Table 5. Prediction time comparison between the DAN and the Faster DAN. Times (in seconds) are averaged on the test set for a single document image, using a single GPU V100.

We showed that the Faster DAN reaches competitive results on three document-level datasets while being at least 4 times faster than the standard DAN at prediction time. We now evaluate the performance on heterogeneous documents, by mixing both RIMES 2009 and READ 2016 datasets.

5.5 Evaluation on Heterogeneous Documents

In this experiment, we mixed both RIMES 2009 and READ 2016 datasets at single page level, for both training and evaluation. Examples from both datasets are balanced at training time, i.e., the models have been trained on the same number of documents for both datasets. These are the first results for such an experiment; we also train the standard DAN for comparison purposes. Results are shown in Table 6. As one can note, results are rather similar when training on datasets separately or altogether, except for the DAN on the RIMES dataset whose CER increases from 4.54% up to 7.96%.

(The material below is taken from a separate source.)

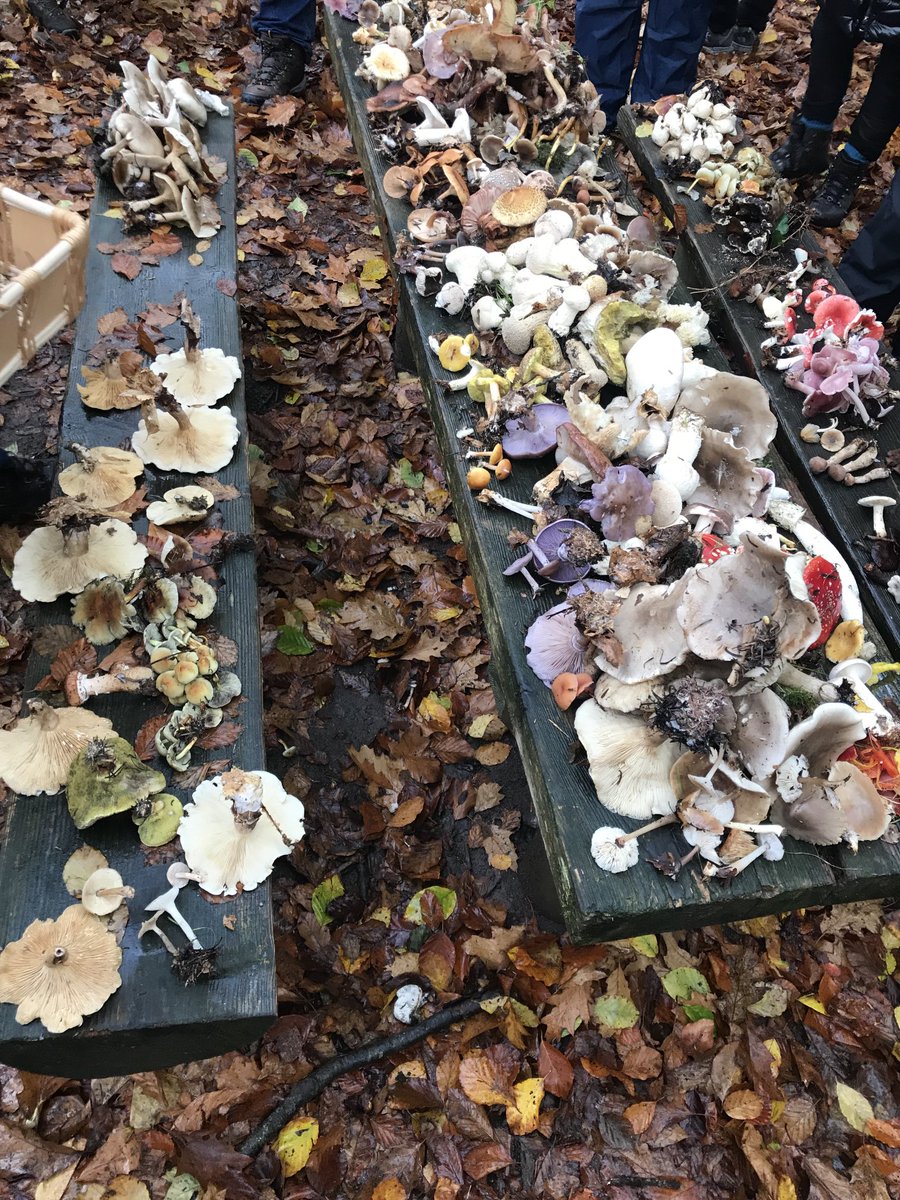⁦What a buffet from Mother Nature! Although not all made it into the pot ☠️🍄 
Thanks Bill and Freda
<a href="/Mushroomstuff/">Mushroomstuff</a>⁩, fantastic day in the woods🌳🌲🍂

Table 6. Evaluation of the Faster DAN on heterogeneous data (mixing READ 2016 and RIMES 2009 for both training and evaluation) and comparison with the state of the art.

5.6 Ablation Study

In Table 7, we propose an ablation study of the proposed approach on the RIMES 2009 and READ 2016 datasets. The first line corresponds to the Faster DAN baseline. In experiment (1), the document positional encoding is replaced by standard 1d positional encoding, i.e., a unique index is associated to each token. The model does not succeed to recognize the text, showing the necessity of injecting line positional information to parallelize the recognition. The model can only access to tokens of the text line to recognize in (2), also preventing the text recognition. Indeed, it is nearly impossible to predict the next character with only a one-character query (beginning of the second pass) since characters are not unique in a document. For both experiments, one can note that the LOER is nearly not impacted, this is because the layout recognition takes place in the first pass, before the parallelization.

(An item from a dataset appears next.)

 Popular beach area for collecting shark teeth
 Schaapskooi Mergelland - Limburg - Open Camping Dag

Table 7. Ablation study of the Faster DAN and DAN. Results (in percentages) are given for the test set of the RIMES 2009 and READ 2016 datasets.

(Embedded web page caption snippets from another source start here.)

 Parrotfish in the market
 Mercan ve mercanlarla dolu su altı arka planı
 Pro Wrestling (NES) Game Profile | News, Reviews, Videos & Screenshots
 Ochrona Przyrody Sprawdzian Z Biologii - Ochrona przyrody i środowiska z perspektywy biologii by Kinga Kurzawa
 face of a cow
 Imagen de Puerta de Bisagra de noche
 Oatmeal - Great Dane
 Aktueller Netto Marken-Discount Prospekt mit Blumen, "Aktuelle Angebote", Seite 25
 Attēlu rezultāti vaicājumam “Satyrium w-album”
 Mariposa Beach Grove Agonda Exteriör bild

In experiment (3), in addition to the tokens of the text line to recognize, the first character of all the text lines, as well as the layout markup tokens, are available. This leads to an increase of the CER of at least 1.89 points for RIMES 2009, and up to 2.99 points for READ 2016 at double-page level, compared to the baseline. This shows the efficiency of the text line detection performed in the first pass, since the text recognition is parallelized, but it also demonstrates that gathering the context from past and future lines helps to improve the performance. In experiment (4), the positional encoding of the line and of the index in the line are summed instead of being concatenated. As one can note, results are slightly in favor of the concatenation.

6 Conclusion

In this paper, we proposed the Faster DAN, a novel approach for end-to-end Handwritten Document Recognition. We evaluate this approach with the current state-of-the-art architecture and showed that this approach reaches competitive results on three document-level datasets while being at least 4 times faster. This way, we preserved the advantages of using a single end-to-end approach, while greatly mitigating the major drawback of prediction time. In this work, we focused on line-level multi-target queries to show the gain in prediction time. However, it would also be possible to perform this parallelization at paragraph level in order to have a more important language modeling of the past: this would represent an in-between in terms of prediction time.